**Activity**
Check every line of the records below for the string "tomorrow" and copy the ones that have it.

Data records:
* * * * *
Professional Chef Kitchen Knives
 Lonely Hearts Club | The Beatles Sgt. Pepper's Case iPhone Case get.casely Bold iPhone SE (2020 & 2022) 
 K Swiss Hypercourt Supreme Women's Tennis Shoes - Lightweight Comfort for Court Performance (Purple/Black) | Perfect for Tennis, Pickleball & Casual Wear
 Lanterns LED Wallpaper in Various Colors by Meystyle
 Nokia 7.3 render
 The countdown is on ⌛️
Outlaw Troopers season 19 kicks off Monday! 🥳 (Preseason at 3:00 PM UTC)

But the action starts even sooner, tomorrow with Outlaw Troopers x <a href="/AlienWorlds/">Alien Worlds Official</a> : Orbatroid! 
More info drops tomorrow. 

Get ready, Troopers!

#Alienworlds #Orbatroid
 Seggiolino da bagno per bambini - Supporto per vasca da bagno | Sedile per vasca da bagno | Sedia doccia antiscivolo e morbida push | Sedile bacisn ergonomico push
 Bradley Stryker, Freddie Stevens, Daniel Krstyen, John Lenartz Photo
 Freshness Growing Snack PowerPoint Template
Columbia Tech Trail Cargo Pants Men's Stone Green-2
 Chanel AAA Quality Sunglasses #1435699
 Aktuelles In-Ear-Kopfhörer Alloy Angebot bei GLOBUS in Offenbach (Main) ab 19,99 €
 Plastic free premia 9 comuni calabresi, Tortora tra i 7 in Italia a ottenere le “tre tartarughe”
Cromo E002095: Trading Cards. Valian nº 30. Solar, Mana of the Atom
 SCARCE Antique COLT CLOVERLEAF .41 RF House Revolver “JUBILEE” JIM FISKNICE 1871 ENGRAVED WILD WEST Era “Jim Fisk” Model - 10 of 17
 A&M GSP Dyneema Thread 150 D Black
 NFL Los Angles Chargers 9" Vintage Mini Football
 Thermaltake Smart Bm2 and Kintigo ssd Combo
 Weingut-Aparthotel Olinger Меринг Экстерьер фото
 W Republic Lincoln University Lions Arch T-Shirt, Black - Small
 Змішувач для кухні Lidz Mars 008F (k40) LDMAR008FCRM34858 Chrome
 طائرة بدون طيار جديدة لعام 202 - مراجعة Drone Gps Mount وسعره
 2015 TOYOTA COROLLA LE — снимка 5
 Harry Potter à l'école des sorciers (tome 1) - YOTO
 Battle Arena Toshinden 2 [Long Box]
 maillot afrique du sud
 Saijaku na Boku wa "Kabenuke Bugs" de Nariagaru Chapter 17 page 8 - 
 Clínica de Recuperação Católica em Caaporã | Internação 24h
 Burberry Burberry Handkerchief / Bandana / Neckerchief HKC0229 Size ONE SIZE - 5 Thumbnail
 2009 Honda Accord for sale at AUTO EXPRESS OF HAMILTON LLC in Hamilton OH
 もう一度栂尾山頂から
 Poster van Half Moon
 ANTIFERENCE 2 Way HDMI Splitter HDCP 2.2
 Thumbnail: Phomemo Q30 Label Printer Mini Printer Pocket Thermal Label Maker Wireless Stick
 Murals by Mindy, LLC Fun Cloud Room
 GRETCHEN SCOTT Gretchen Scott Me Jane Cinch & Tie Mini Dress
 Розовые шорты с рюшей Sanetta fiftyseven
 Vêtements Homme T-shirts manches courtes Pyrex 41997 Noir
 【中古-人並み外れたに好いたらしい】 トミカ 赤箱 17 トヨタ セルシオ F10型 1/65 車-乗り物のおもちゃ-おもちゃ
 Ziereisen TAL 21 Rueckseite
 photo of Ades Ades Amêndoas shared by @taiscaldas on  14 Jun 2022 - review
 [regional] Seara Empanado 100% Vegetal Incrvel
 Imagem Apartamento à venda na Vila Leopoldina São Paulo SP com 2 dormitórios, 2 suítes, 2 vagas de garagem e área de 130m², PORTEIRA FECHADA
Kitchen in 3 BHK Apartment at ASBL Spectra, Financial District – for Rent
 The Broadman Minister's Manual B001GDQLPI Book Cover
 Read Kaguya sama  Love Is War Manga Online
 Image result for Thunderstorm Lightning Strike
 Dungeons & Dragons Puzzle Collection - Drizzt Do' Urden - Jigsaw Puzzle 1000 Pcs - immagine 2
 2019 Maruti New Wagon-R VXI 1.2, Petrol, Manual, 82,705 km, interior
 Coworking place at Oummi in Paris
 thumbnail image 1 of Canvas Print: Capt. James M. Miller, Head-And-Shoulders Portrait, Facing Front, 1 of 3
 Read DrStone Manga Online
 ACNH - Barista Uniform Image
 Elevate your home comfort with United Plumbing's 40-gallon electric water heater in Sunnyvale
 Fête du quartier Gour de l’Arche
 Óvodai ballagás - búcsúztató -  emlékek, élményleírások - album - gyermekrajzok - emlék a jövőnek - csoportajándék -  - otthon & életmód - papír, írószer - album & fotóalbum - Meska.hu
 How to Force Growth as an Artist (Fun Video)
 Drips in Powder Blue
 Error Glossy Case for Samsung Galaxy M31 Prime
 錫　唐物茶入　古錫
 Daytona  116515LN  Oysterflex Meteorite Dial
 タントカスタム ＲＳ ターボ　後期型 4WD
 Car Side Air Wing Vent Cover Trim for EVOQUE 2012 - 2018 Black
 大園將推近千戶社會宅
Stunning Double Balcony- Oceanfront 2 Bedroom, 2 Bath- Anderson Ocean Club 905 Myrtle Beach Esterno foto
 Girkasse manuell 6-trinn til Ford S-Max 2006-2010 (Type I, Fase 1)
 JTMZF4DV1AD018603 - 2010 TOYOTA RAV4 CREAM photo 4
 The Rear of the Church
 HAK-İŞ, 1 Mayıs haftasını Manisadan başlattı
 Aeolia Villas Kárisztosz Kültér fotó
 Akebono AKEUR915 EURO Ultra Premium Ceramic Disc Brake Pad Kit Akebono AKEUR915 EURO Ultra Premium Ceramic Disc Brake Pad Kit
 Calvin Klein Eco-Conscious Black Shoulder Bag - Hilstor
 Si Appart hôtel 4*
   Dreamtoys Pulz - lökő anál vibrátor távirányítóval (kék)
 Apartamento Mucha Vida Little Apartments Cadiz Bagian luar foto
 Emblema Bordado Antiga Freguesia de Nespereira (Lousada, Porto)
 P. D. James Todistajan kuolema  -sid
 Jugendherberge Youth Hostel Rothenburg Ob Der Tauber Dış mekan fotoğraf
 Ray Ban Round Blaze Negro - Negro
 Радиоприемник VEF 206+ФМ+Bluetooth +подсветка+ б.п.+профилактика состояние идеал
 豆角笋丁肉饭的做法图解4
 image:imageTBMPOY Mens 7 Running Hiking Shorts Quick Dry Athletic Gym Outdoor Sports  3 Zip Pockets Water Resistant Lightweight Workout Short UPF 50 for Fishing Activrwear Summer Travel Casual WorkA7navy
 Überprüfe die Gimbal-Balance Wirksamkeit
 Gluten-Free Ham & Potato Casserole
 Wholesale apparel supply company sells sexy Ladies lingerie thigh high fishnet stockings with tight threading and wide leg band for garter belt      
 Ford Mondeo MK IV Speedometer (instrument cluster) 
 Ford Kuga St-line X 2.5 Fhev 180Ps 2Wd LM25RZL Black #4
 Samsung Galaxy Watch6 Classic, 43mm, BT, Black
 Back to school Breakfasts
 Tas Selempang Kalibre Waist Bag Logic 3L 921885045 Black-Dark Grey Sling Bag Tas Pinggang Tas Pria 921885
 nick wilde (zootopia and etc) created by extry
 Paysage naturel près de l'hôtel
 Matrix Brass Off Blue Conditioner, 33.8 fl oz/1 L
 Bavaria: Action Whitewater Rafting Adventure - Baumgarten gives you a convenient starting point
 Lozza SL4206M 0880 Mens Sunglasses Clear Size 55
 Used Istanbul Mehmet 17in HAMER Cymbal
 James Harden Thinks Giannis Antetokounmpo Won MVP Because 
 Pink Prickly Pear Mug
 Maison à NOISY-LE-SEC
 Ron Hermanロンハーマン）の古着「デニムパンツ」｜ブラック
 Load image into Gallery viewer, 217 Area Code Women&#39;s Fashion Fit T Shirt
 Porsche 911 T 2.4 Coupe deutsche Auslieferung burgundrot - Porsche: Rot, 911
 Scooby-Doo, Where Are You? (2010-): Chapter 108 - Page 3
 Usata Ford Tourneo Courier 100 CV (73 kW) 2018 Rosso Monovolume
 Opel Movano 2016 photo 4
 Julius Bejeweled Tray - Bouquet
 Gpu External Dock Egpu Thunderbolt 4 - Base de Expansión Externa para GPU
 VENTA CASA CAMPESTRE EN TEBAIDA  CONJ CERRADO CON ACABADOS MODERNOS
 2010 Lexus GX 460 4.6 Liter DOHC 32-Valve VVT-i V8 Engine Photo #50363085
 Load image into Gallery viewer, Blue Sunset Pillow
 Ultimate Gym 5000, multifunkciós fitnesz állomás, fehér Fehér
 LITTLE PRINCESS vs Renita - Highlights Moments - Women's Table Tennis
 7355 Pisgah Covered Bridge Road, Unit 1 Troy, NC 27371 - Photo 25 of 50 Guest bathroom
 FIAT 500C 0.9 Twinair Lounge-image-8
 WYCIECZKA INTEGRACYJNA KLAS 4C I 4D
* * * * *
**Response area**
But the action starts even sooner, tomorrow with Outlaw Troopers x <a href="/AlienWorlds/">Alien Worlds Official</a> : Orbatroid! 
More info drops tomorrow. 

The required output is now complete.